Chicago Parks District Field House Prototype 1
While OSB SIPs currently dominate the commercial and residential markets, precast-concrete SIPs, which were first produced in the 1960s, are making headway in the industry. Though they employ the same insulating material—typically EPS—as their OSB counterparts, precast SIPs can be used architecturally as well as structurally. They also offer a durability ideal for high-traffic projects, such as public facilities and schools.
“It carries loads, creates a good durable finish, doesn’t burn or mold, and the insulation gives you high R-values,” says Brian Miller, managing director of business development at the Precast/Prestressed Concrete Institute (PCI), an industry organization based in Chicago. Precast SIPs also possess thermal mass, he says, allowing them to absorb and release energy slowly. While offering R-values similar to those of OSB SIPs, the precast panels’ combination of thermal mass and insulation creates a high-performance wall system that can create up to 25 percent savings on heating and cooling costs, according to PCI.
Chicago-based architecture firm Booth Hansen chose precast concrete SIPs for its design of a field-house prototype for the Chicago Parks District, which mandated that the project achieve LEED Silver certification. The 18,000-square-foot facility—designed with the potential to expand another 12,000 square feet—contains administrative and support functions, a gymnasium, and several fitness rooms.
One challenge that the designers faced in using precast SIPs for this project was the looming wall heights—up to 31 feet in the gymnasium.

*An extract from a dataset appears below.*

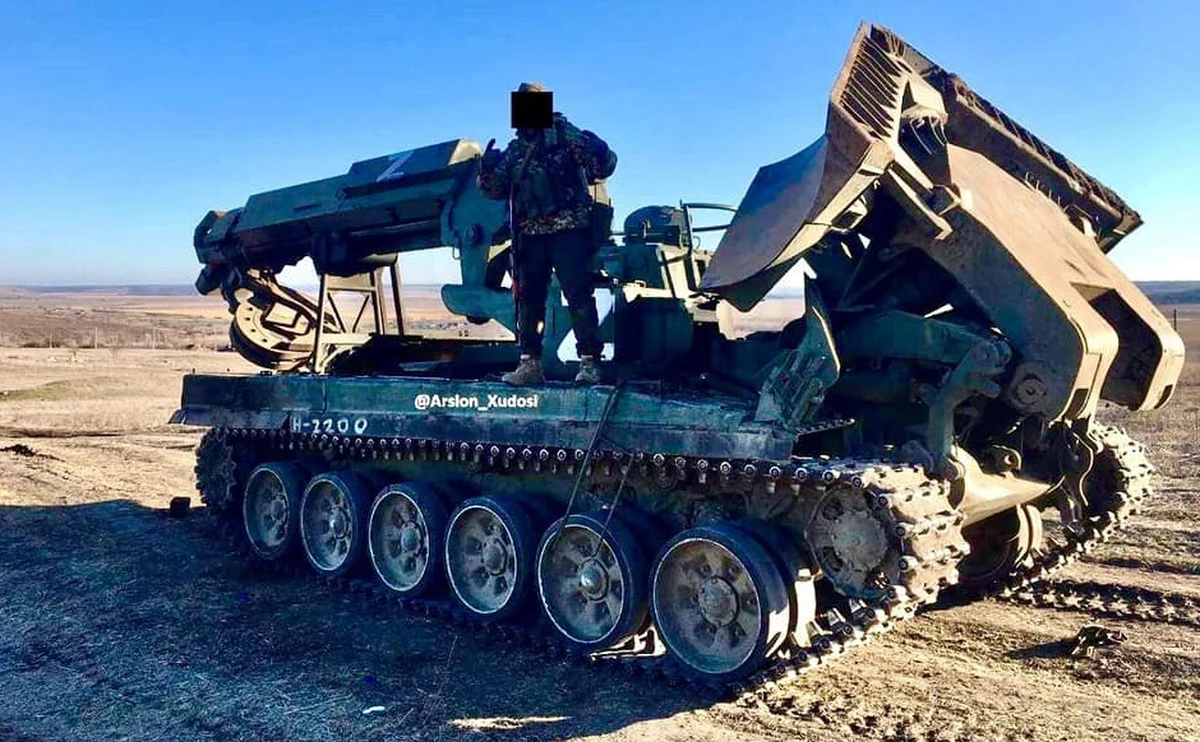 Jednostki rosyjskie są przenoszone na terytorium Białorusi, co ma umożliwić rotację wojsk, które doznały znacznych strat, i wzmocnienie istniejących oddziałów, uzupełnienie zapasów jedzenia, paliwa i amunicji oraz ewakuację rannych i chorych - przekazał w niedzielę Sztab Generalny Sił Zbrojnych Ukrainy.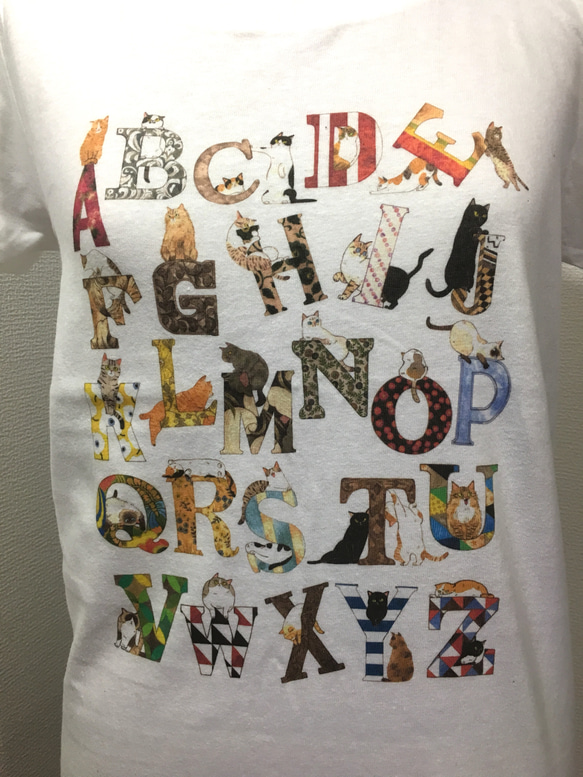 レディースTシャツ(Lサイズ)-『アルファベットとネコ』(ホワイト) 4枚目の画像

In order to provide adequate structural support within the panels to manage the walls’ dead loads, the SIPs were fabricated with concrete-composite ribs that tie together the exterior and interior concrete wythes. Because concrete is a poor thermal conductor, the risk of thermal bridging due to the connectors is not significant.
On the other hand, using precast SIPs allowed for fast erection times—even faster than those possible with conventional OSB SIPs; not only can the structure’s precast envelope and insulation be installed in one fell swoop, but precast SIPs can also be prefabricated with interior and exterior wall finishes already applied. The concrete can be molded to resemble brick, wood grain, or nearly any texture the designer can imagine. It can also be embedded with finishes such as brick veneer.
At the Field House Prototype 1, the exterior finish of the precast SIPs is exposed concrete with aggregate; form liners created articulated shadow lines, adding texture and a sense of permanence that is appropriate to a civic building. The finished interior wall, also exposed concrete, provides durability and eliminates the need for painting.
Saving Energy and the Environment
Structural insulated panels offer yet another instrument in a designer’s toolkit to create high-performance, economically efficient, and environmentally sensitive buildings. Along with creating tighter envelopes than are possible with traditional stick framing, SIPs combine the reliability of an engineered product complete with the waste-reducing benefits of prefabrication.
With the proper coordination and experience among the design and construction teams, SIPs can also lead to significant time savings on site and become a source of long-term energy savings—no small feat for today’s budget- and eco-conscious clients.
Note: This article and slideshow have been updated since first publication to reflect that the bulk of Finn Hill Middle School's construction was completed in about a year, and that the school is currently undergoing commissioning to ascertain whether it is meeting its targeted energy performance goals.